S1 - US Outage
Incident Report for Serraview
Postmortem

We are truly grateful for your continued support and loyalty. We value your feedback and appreciate your patience as we worked to resolve this incident.

Description:

On December 7, 2023, our customer experience team identified an issue with the optimizations being made to handle large sets of snapshot data that was not present during the testing of the change. This issue caused all US clients to experience a brief outage in their Production environments.

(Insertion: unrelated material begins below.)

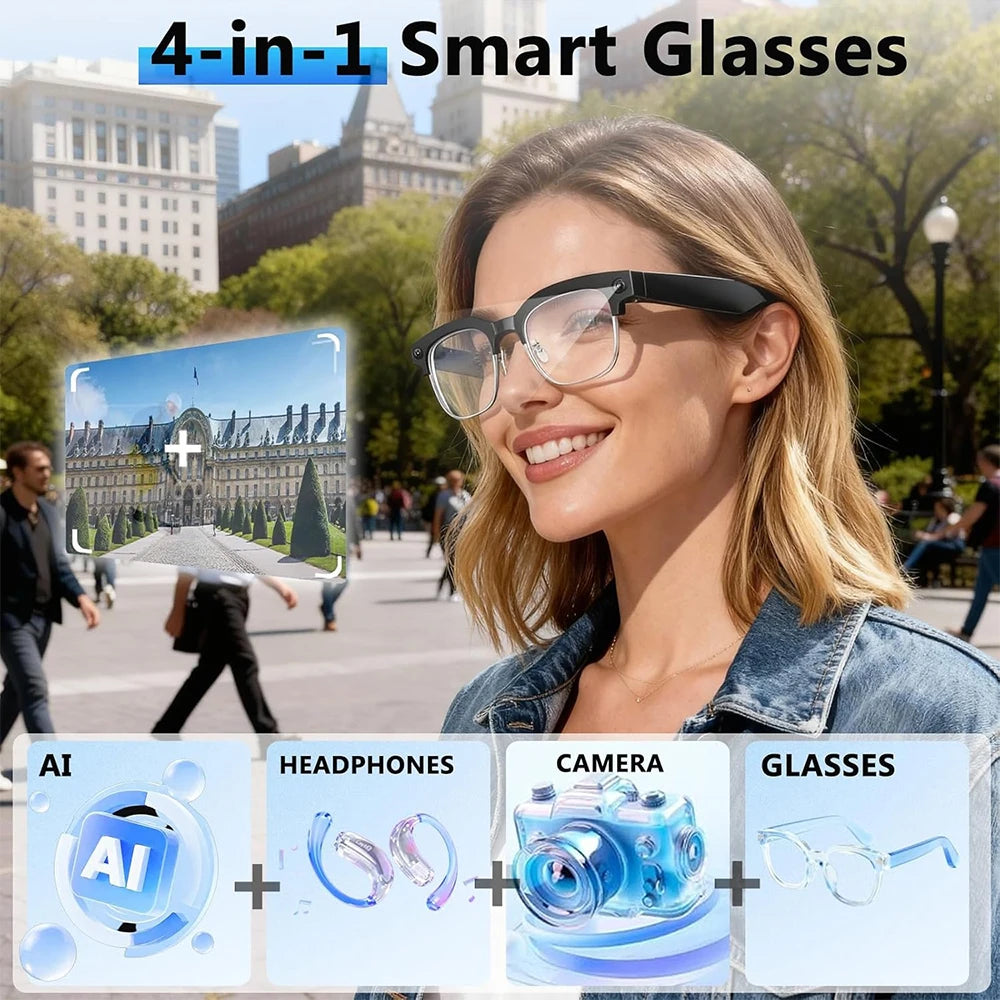 2026 Smart-Brille 800W Ultra-Wide – 4K Video, KI-Bilderkennung, Bluetooth & Übersetzung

Upon investigation, our engineering team identified that the root cause of the problem was that the script being run temporarily reached the limits of the temporary database being used for the task.

Type of Event:

Unplanned production outage for US clients.

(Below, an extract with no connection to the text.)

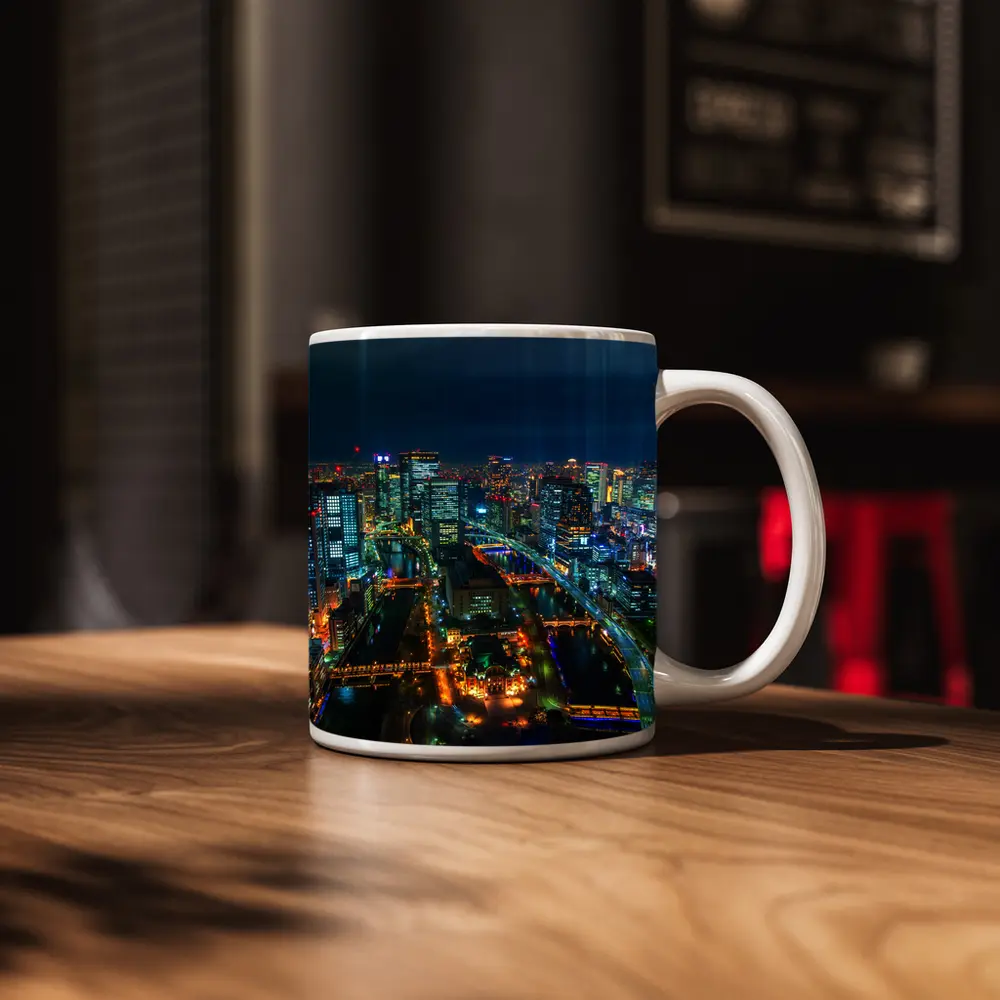Osaka Japan City Skyline At Night – Mugs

Services/Modules Impacted:

All modules and services.

Remediation:

We rebooted to US SQL server used for Production which killed the task, which was run later in smaller batches to ensure the threshold wouldn’t be reached again.

Timeline (CST):

7th December

08:48 – Issue raised

09:01 – Services restored; incident resolved

Total Duration of Event:

~ 14 minutes.

Root Cause Analysis:

A script to reduce the size of snapshot data for certain clients used up progressively more and more space until it reached the maximum threshold in the TempDB drive, causing all client instances on the US Production SQL server to experience a short outage before the server was restarted.

Preventative Action:  

Alerting thresholds for monitoring TempDB space on all SQL servers will be lowered to allow CloudOps to address such issues earlier.

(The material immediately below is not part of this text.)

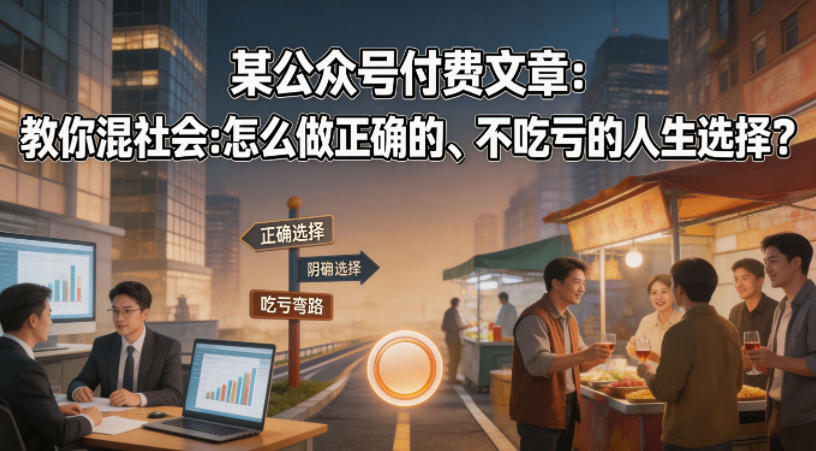 某公众号付费文章：教你混社会：怎么做正确的、不吃亏的人生选择？-续财库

Scripts that have the potential to affect clients in such a manner will be more closely monitored to ensure their TempDB usage and split into smaller scopes of changes to minimize impact

Posted Dec 20, 2023 - 14:31 UTC

Resolved
At 8:48 am CST users were unable to load Serraview, internal monitoring detected the outage and teams brought services back online at 9:01am CST
Posted Dec 07, 2023 - 15:16 UTC
This incident affected: Core Services (NA- Core Services).